Now just think what you could do if you had one of these cards:
  • you could spend as much as you like anywhere where the card is accepted.
  • you'd never have to fund your spending.
  • you'd never worry about the balance because you don't have to pay it off, it doesn't affect your credit limit and you know you'll get the cashback to cover it anyway when people spend their savings.

So what's the catch?

"the possession of great power necessarily implies great responsibility"
(Spiderman fans may prefer this of course. No it's not me doing the acting - I have a doppelgänger)

Although you can never run out of money on your super-platinum credit card, you can run out of real things to buy. So you have to make sure you use the money wisely in a manner that encourages to production of real stuff. That way there is more for you to buy.

If nobody tends your garden, then hire somebody without a job to do that for you. It doesn't cost you anything - you have a super-platinum card - but it gives somebody without one the means to support their family.

You might trim back the cashback percentage a little. It doesn't cost you anything - as long as the rate is positive you'll get all your spending back eventually and you have unlimited balances anyway. But it does put money into the pocket of people and allows them to buy more real stuff for their family and perhaps keep paying the mortgage or rent.

You might pay for the upkeep of universities and training colleges. It doesn't cost you anything - the colleges already exist and keeping them up gives people without work jobs. You might also fund students to go there. It doesn't cost you anything, and those students will be able to use their greater skills in the future to generate more real output for you to buy.

You might decide to create a high speed rail link across the country.
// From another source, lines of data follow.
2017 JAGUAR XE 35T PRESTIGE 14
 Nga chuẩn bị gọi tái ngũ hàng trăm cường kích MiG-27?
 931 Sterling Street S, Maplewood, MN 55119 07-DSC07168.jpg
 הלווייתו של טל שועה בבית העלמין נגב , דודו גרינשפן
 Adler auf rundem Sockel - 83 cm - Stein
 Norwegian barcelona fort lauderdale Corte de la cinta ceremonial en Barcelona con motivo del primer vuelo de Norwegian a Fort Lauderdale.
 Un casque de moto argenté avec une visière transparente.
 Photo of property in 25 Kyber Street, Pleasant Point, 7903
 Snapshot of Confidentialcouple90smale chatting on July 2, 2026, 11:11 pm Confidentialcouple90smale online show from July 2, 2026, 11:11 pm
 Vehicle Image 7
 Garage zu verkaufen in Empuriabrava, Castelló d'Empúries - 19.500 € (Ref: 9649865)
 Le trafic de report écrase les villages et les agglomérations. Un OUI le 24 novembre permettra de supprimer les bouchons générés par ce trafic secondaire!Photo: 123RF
Again it doesn't cost you anything - you have a super-platinum card - and engineers short of work like nothing better than a big project to get their teeth into. And that infrastructure would last a century or more - bringing great benefits to all (and not an insignificant amount of accolade to those who created them).

Or you might be really bold and fund everybody who makes a contribution to society so that they can do that work yet still live free from poverty. You can encourage the use of more machines to produce real output more cheaply with less labour so that a reasonable standard of living is provided for all by right - without the current problem of the job losses causing a collapse in income and a recession. That might sound a bit Star Trek, but without an evolution along those lines we'll end up over-consuming the planet.

But I haven't got one of these cards

No you don't, but your government has one, or certainly could obtain one. You might like to ask them "what's in their wallet" and why they're not using their plastic more effectively.